• **PROBLEM TO WORK ON**: Below is a listing; retype exactly the lines between the one containing "smascherare bugiardo" and the one containing "925 Sterling Silver", inclusive, minus the pictures.

-- GIVEN ENTRIES follows --

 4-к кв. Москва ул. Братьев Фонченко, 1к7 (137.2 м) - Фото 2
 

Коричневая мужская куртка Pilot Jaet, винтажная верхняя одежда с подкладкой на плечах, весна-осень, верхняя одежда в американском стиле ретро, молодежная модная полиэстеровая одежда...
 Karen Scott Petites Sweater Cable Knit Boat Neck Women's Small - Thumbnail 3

-- GIVEN ENTRIES concluded --
-- GIVEN ENTRIES follows --

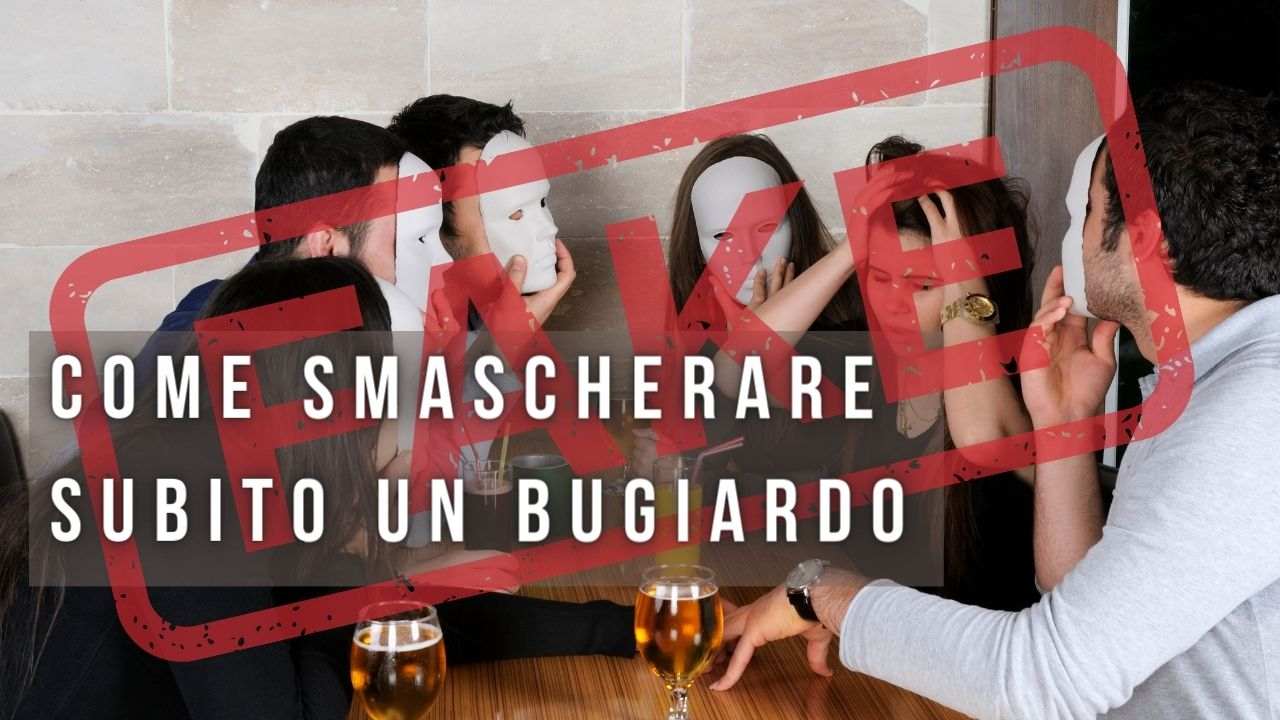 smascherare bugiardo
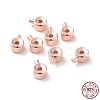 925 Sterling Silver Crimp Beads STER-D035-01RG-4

-- GIVEN ENTRIES concluded --
-- GIVEN ENTRIES follows --

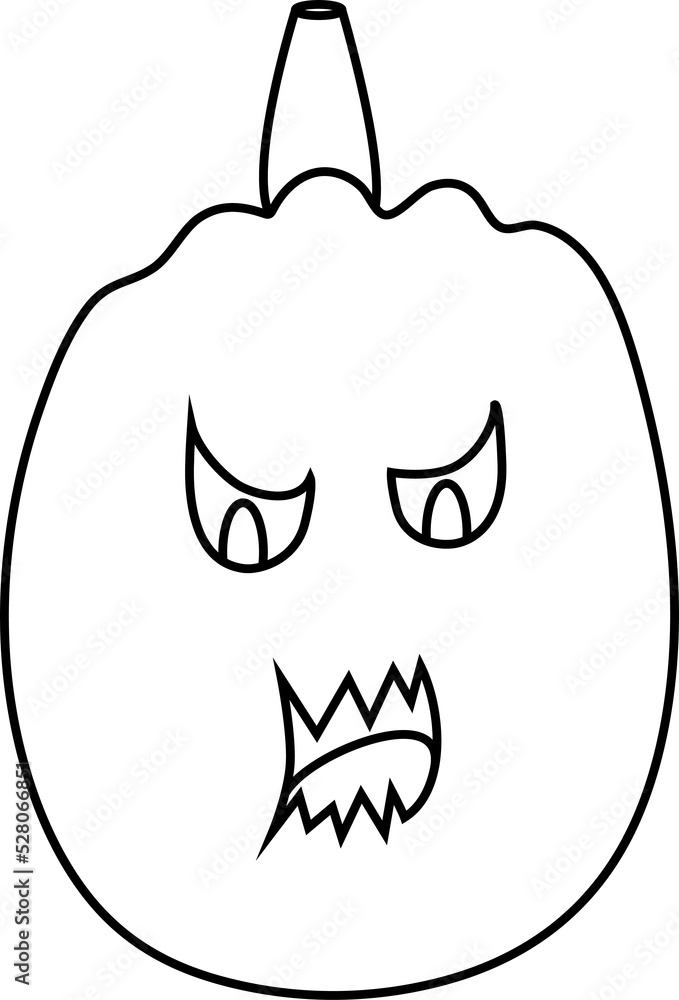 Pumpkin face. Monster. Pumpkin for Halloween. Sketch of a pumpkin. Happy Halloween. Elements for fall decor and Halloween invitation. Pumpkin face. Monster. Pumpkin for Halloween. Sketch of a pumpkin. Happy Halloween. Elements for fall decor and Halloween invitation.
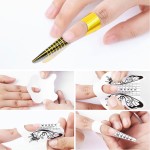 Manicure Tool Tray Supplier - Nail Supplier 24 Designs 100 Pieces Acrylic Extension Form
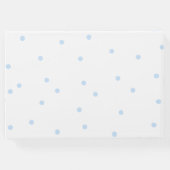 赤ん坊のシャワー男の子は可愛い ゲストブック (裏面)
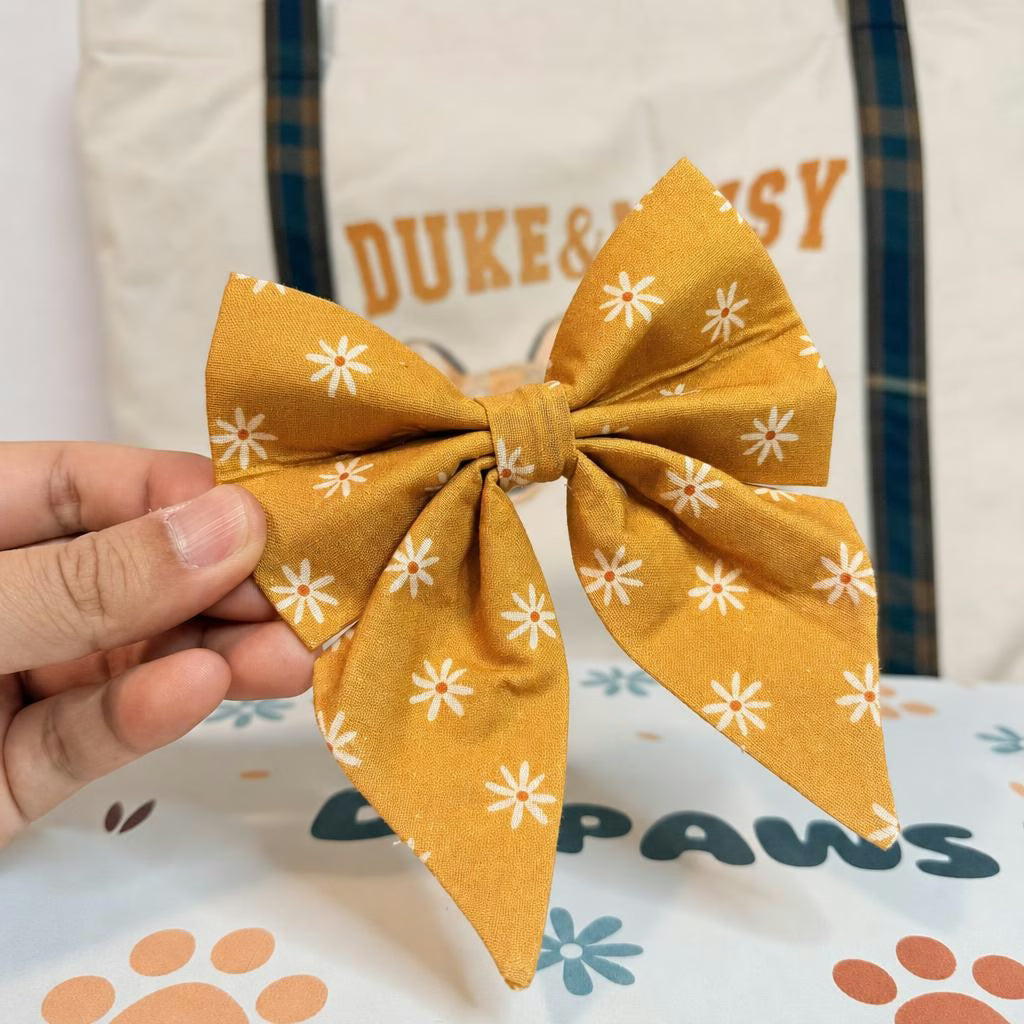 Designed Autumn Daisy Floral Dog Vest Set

-- GIVEN ENTRIES concluded --

• **RESPONSE**:
 smascherare bugiardo
 925 Sterling Silver Crimp Beads STER-D035-01RG-4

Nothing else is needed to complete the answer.